# Cloudy water



## Mr Fishy (May 4, 2010)

I just converted my 60 gallon freshwater to saltwater. I added base sand (sugar sized) and base rock and have the proper salt content.

This was done just over 24 hours ago and the water is still very cloudy. Should I stop the filters and pumps to speed the clearing or would that not help at all?

I'm hoping to add the live rock and sand as well as a couple of snails and crabs tomorrow.

Thanks!


----------



## cbirk (Feb 5, 2010)

I think sand of any sort can take up to 3 days to clear up. I have heard that running your filter during this time can actually ruin it or at the least clog it up. Not sure. My tank took about a day to clear.


----------



## Pasfur (Mar 29, 2008)

Mr Fishy said:


> I just converted my 60 gallon freshwater to saltwater. I added base sand (sugar sized) and base rock and have the proper salt content.
> 
> This was done just over 24 hours ago and the water is still very cloudy. Should I stop the filters and pumps to speed the clearing or would that not help at all?
> 
> ...


When you say "converted", how did you go about this process? Sometimes on the internet a member will say something in such a way that makes me raise an eyebrow, and this is one of those cases. I want to make sure you are getting off to a good start! 

Also, what type of filters are you running?


----------



## Mr Fishy (May 4, 2010)

I did a complete tear down and scrubbed everything clean. Started with a bare tank and added water/salt then added base rock and sand.

Hardware that's running:

Fluval 305 with nothing but carbon in it
Sea Clone 100 protein skimmer http://www.aquariumguys.com/seprsk.html
AA 24W UV sterilizer http://www.aa-aquarium.com/catalog/product_info.php?products_id=61
2 - Maxi-Jet 400 power heads
2 - 300W heaters (one set slightly lower as a backup)

I'm using Instant Ocean salt mix. 15 pounds of salt and I'm still coming in it 1.021 SG


----------



## Pasfur (Mar 29, 2008)

You've done everything right, nice job. Its hard to tell if you are describing a bacterial bloom or if you just have sand which has not settled. I would probably turn off the canister filter to see if that helps. I would also add live rock and sand from the very beginning. I realize the it may be hard to even see what you are doing, but the live rock could help to settle things down if this is a bacterial bloom.

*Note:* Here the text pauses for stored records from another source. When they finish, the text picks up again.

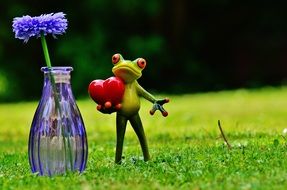 frog with a red heart near a vase with a flower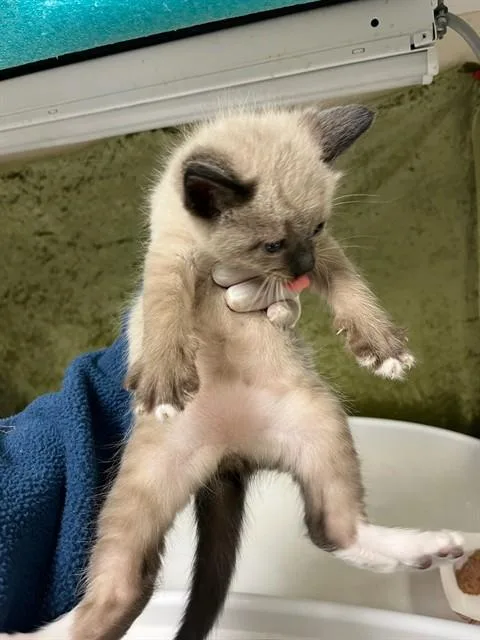 A baby small-sized female Siamese cat named A for adoption in Riverside, CA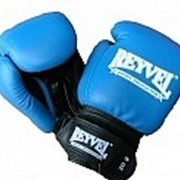 Перчатки боксерские кожаные Reyvel 10 oz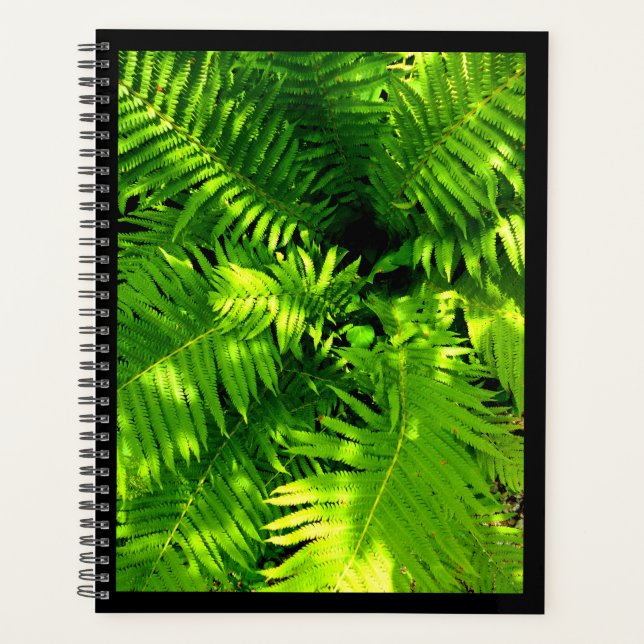 Fern Planer (Vorderseite)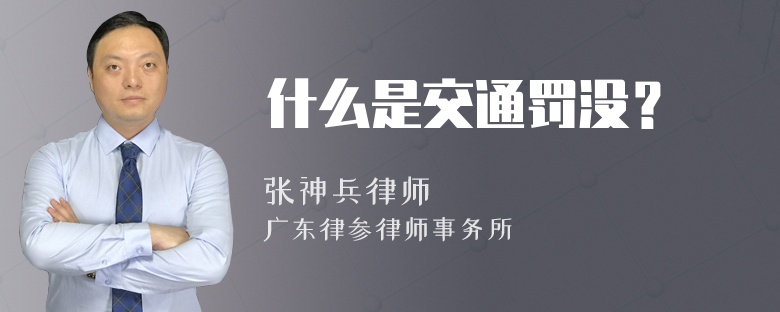 什么是交通罚没？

I would try to avoid adding anything to the tank at this point that would feed on microfauna. You should encourage large microfauna populations and really want to see thriving copepods and amphipods in the tank before you consider snails, crabs, or small fish.


----------



## reefsahoy (Jul 16, 2010)

it takes several days for the water to clear up. sometimes it can take a week. wipe you glass as this could just be silt setteling on the inside glass. turn off you uv so the biological filtration will seed faster. the other thing is how did you mix your water? if you started with salt first and while adding water this can also cause the water to be cloudy. always start with water first and add salt and bring up the sg to desired level otherwise precipitation can occur causing cloudy water.


----------



## Mr Fishy (May 4, 2010)

I filled the aquarium 3/4 of the way with water and then added the salt. I made sure it was fully dissolved before adding the base rock and sand. 

Yesterday I added the live rock and live sand, which made it really cloudy again. 

If I turn the UV sterilizer off will I be faced with a huge algae bloom that will tough to get control of?


----------



## reefsahoy (Jul 16, 2010)

Mr Fishy said:


> If I turn the UV sterilizer off will I be faced with a huge algae bloom that will tough to get control of?


 
no i don't even have a uv on my setup. i used to have one but realized that i dont need it.


----------



## Mr Fishy (May 4, 2010)

Things are clearing up nicely. I added 18 hermit crabs and we'll see how they do before I add anything else, but so far so good.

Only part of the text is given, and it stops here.